Les Français confirment leur désamour pour le commerce physique
L'Ifop et Wincor Nixdorf livrent la deuxième édition de leur baromètre "Les Français et les points de vente connectés". Cette plongée dans leur quotidien révèle une fracture avec les magasins. Ils préfèrent Internet aux grandes surfaces. Rien ne va plus entre les enseignes et les consommateurs.
Je m'abonneLe commerce est un secteur que les Français adorent détester. Et lorsque le budget se contracte, ce sentiment est exacerbé. Près de 70 % des consommateurs affichent leur désamour pour les grandes surfaces, révèle la deuxième édition du baromètre Ifop/Wincor Nixdorf. À l'exception des magasins de loisirs culturels, l'achat sur Internet suscite davantage de plaisir chez les internautes. Ils attendent (voire exigent) le même niveau d'expérience (rapidité, disponibilité, personnalisation de l'offre) dans "la vraie vie" que sur le Net. L'émergence du commerce connecté répond en partie à ces attentes. Mais, paradoxe français, ils ne peuvent se passer de vendeurs... Thibaut de Saint-Pol, sociologue à l’Observatoire sociologique du changement de Sciences-Po qui intervenait à la présentation des résultats, a précisé certaines données de l'Insee : "Entre 1999 et 2010, les Français accordent neuf minutes de moins par jour à faire leurs courses. La crise accentue la pression sur les ressources financières mais aussi temporelles. Ainsi, près de deux tiers des ménages ont un accès à Internet à leur domicile, une proportion qui a été multipliée par six en dix ans. Ils ont appris à gagner du temps et veulent de la polysynchronisation". De plus, le désir de connexion collective, dans nos sociétés plurielles et atomisées, confère à la consommation un rôle social bien au-delà de son statut initial. "Du bien au lien", résume le sociologue "mais si le Net informe, il n'accompagne pas. C'est le rôle du commerce physique."

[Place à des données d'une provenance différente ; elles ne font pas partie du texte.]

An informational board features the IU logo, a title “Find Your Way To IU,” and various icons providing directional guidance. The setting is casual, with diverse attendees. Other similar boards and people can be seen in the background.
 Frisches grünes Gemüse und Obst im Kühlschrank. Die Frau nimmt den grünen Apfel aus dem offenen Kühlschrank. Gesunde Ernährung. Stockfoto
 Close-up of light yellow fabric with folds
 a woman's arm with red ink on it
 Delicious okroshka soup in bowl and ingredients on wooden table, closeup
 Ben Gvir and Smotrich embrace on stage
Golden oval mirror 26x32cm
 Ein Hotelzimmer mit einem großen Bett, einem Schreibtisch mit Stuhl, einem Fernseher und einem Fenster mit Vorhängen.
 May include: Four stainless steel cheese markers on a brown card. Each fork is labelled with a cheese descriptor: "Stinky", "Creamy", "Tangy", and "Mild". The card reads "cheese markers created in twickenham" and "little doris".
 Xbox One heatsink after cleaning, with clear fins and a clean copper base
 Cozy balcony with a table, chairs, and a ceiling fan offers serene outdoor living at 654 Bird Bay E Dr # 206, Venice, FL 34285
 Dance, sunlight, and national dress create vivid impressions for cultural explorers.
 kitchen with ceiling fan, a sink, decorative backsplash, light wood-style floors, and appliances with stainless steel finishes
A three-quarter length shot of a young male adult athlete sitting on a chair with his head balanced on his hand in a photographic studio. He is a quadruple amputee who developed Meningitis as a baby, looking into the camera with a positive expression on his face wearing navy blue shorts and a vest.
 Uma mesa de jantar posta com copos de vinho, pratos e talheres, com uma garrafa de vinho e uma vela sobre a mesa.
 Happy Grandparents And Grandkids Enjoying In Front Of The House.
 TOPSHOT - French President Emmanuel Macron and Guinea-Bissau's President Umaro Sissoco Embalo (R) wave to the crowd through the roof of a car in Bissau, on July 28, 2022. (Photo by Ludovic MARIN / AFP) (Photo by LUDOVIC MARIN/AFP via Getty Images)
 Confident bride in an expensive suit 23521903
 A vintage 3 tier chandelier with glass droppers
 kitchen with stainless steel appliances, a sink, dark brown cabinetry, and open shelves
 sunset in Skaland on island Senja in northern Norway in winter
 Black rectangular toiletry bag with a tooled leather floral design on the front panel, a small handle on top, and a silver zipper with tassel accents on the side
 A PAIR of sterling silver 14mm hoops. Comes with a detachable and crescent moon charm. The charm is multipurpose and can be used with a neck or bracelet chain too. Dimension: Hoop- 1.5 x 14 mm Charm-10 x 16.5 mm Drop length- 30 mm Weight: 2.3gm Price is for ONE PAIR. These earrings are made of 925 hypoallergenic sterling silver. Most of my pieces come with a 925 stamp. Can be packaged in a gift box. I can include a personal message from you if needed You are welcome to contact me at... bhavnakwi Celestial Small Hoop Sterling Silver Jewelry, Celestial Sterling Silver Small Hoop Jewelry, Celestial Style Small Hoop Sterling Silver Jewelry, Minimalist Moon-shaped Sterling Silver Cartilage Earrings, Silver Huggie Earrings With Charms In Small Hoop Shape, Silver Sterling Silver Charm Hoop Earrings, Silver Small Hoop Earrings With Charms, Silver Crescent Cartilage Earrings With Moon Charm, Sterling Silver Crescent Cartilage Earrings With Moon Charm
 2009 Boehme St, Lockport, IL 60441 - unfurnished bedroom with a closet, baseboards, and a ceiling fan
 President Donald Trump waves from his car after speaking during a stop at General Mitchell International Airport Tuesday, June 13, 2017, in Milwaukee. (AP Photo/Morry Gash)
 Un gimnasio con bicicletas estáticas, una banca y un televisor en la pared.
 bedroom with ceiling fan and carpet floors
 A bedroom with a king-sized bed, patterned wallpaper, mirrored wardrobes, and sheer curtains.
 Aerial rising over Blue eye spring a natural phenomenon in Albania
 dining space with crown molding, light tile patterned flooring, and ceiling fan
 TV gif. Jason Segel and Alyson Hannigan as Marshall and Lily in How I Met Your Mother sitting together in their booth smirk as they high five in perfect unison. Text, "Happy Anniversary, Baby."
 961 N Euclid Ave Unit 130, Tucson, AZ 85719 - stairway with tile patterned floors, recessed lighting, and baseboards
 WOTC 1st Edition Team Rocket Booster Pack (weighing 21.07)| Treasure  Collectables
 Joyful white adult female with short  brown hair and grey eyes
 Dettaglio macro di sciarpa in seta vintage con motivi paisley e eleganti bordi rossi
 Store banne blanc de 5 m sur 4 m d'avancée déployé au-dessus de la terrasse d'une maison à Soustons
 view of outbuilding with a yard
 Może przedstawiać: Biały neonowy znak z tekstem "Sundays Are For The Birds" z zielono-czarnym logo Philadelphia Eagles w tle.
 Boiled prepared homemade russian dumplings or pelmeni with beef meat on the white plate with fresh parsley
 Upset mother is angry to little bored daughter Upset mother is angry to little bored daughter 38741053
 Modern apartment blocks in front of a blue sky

Les principaux enseignements
Entre les Français et leurs enseignes, rien ne va plus… Toutes catégories de population confondues, les grandes surfaces s’imposent comme les points de ventes où les Français passent le plus de temps à faire leurs courses chaque semaine : 53 % y passent plus d’une heure (38 % y consacrent entre une et deux heures, 12 % entre deux et trois heures et 3 % jusqu’à plus de trois heures). Parmi les types de magasins cités, les grandes surfaces arrivent loin devant les magasins d’habillement, où 14 % des Français passent plus d’une heure par semaine, puis les commerces de proximité, où 13 % des Français consacrent le même temps. Toutefois, le temps passé dans les grandes surfaces est en baisse, si l’on en croit l’étude Ifop-Wincor Nixdorf publiée le 9 septembre 2010, où les Français révélaient passer quasiment deux heures par semaine (1h57) dans les grandes surfaces.
Les courses ? une corvée !
Seuls 30 % des Français apprécient de faire leurs courses dans les grandes surfaces, contre 60 % que cela "n’enchante pas", mais qui le font par nécessité, et 9 % qui le font à contrecœur. 49 % rechignent également à faire leurs achats dans les magasins de proximité, 5 % y vont même à contrecœur. Résultant peut-être d’une baisse de leur pouvoir d’achat, ce rejet ou cette lassitude des Français semble même s’amplifier depuis deux ans, si l’on se réfère à l’étude Ifop-Wincor Nixdorf datée de 2010, où 41 % des Français déclaraient "bien aimer" faire leurs courses alimentaires, quelle que soit la nature du magasin fréquenté. Concernant les achats dans les magasins d’équipement électroménager et informatique, ils se font également par nécessité (47 %) ou par corvée (5 %).
Les magasins culturels recueillent la majorité des suffrages. Véritable valeur refuge en temps de crise, les achats dans les magasins de loisirs culturels (livres, DVD, musique) associés au plaisir, arrivent en tête des magasins appréciés des Français avec 76 % des suffrages.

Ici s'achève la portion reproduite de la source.